We have lost control
.

Malius’s
gloomy response came back.
We never had it.

We cannot remain long in this city
, Accius told him.
This war of theirs has no relevance to us
. The Vekken were
sitting side by side on one of the beds in their room, in their customary
silence. The movements of the Collegiates, their babble and clumsiness,
intruded on them through the closed door.

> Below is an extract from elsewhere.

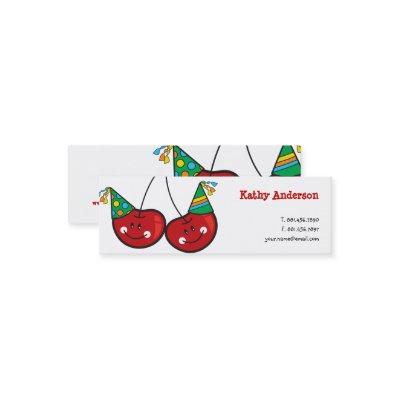 Cartoon Fun & Red Cheeky Cherries With Party Hats Mini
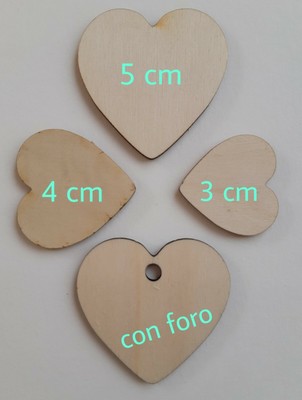 1 Pezzo 60 cm 6 mm di Spessore Senza Fori Craft shapes Sagome in Legno a Forma di Cuore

It has been claimed that the Empire is behind the attackers
,
Malius reminded him.

I am not convinced. I can see no gain for the Empire
.

We are not best placed to know what the Empire seeks
.

Accius
sighed inwardly.
They talk and talk of leaving
. He
referred to the Collegium delegation, who had been packing their belongings
frantically, but yet never seemed to make any definite plans. The implication
was clear.

A poor deception then: they intend to stay
.

Denying us our chance to return home
.

Home
, Malius echoed, and his inner voice was wretched.
But we cannot give up all hope
.

Could we even find home, if we left this city on our own?
They compared maps, mind to mind, trying to stitch the borders of
where-they-were to those of where-they-knew. But Vek had lived in isolation for
such a long time, it barely acknowledged Helleron and Tark, let alone the
Exalsee.
We are lost. Only by staying with the Collegiates
can we ever hope to reach home. We could put a blade to their throats and force
them to guide us, if need be
. Accius was warming to the idea.
Or we could take their Fly-kinden slave and force him, instead.
Fly-kinden are pliable
.

A plan
, Malius admitted.
But what
would we tell the Court, after we found our home again? What have we
accomplished? What have we discovered?

That Collegium seeks common cause with the Empire!
was
Accius’s prompt response.
That our enemies gather against
us
. Another thought followed swiftly on:
They
pretend to leave, but they must wait here to betray the local Beetles to the
Empire. Perhaps that is what they have promised, in return for Imperial help
against Vek
.

Plausible
, agreed Malius. Feeling the other man’s alarm at
the thought, he fed him caution in return.
We must
accomplish what we have set out to do. We cannot return empty-handed. We must
attempt to spoil their plot
.

We care nothing for this city
, Accius argued.
In fact, we hate it. This is a crude, loud, chaotic place
.

Still, it is being attacked by our enemies. In following our
course of action, we deprive our enemies of their advantage. We must kill the
ambassador, as we planned
.

Accius’s
mind signalled frustration.
She seems to be able to appear
and disappear like a Moth-kinden. Whenever she is present, others watch her.
That Fly slave has his eyes on her often, yet at times even he cannot find her,
or that is what he claims
.

That is what he claims
, Malius echoed.
We no longer have the time to do this properly, like soldiers. We
must resort to other facets of our training. They fight their battles even now.
We must be expedient
.

I understand you
. Accius signalled his preference for a
simple killing, out of sight and without subtlety, but he felt Malius holding
firm and ultimately knew the other man was right. They were not, after all,
diplomats by profession, nor were they wholly soldiers. They could fall back on
other resources, if need be, and that need had made itself amply apparent.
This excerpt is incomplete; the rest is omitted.